● TASK: Print out the data below in full and exactly, skipping the pictures.

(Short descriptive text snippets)
━━━━━━━━
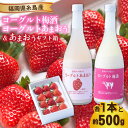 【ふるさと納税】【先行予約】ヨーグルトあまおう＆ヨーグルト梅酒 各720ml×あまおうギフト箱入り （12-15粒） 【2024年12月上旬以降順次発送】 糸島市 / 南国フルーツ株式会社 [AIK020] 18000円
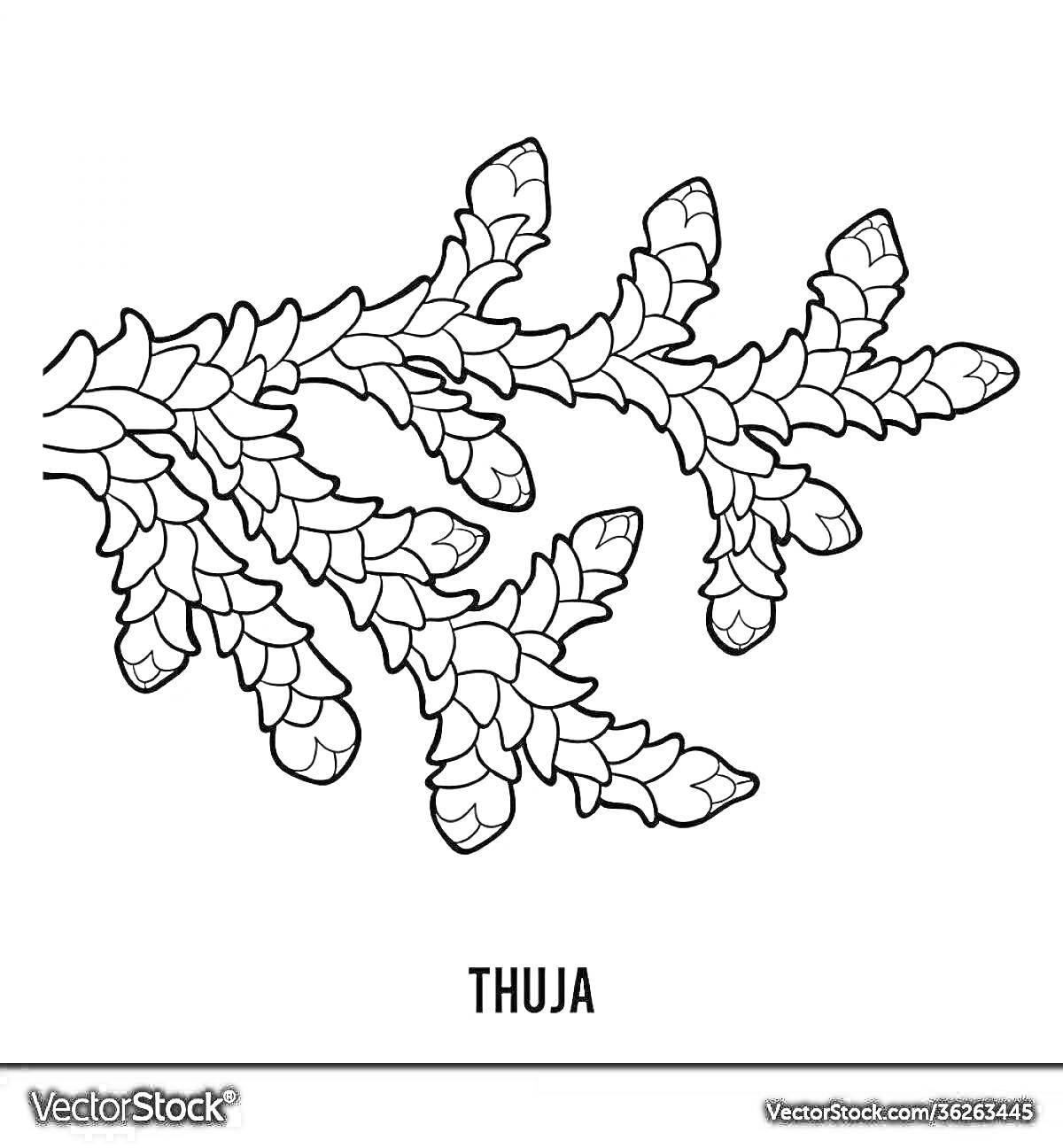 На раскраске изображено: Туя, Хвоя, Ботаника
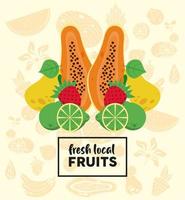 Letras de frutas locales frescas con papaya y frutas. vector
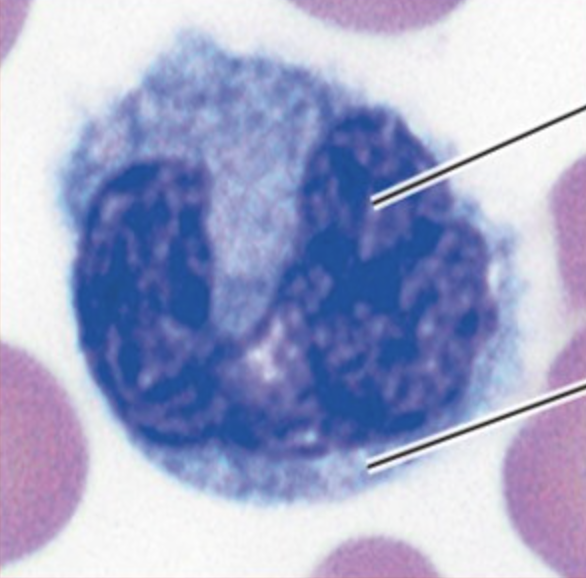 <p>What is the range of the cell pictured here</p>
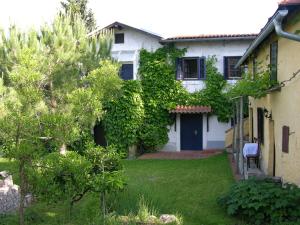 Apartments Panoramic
━━━━━━━━
● PROBLEM SOLUTION:
 【ふるさと納税】【先行予約】ヨーグルトあまおう＆ヨーグルト梅酒 各720ml×あまおうギフト箱入り （12-15粒） 【2024年12月上旬以降順次発送】 糸島市 / 南国フルーツ株式会社 [AIK020] 18000円
 На раскраске изображено: Туя, Хвоя, Ботаника
 Letras de frutas locales frescas con papaya y frutas. vector
 <p>What is the range of the cell pictured here</p>
 Apartments Panoramic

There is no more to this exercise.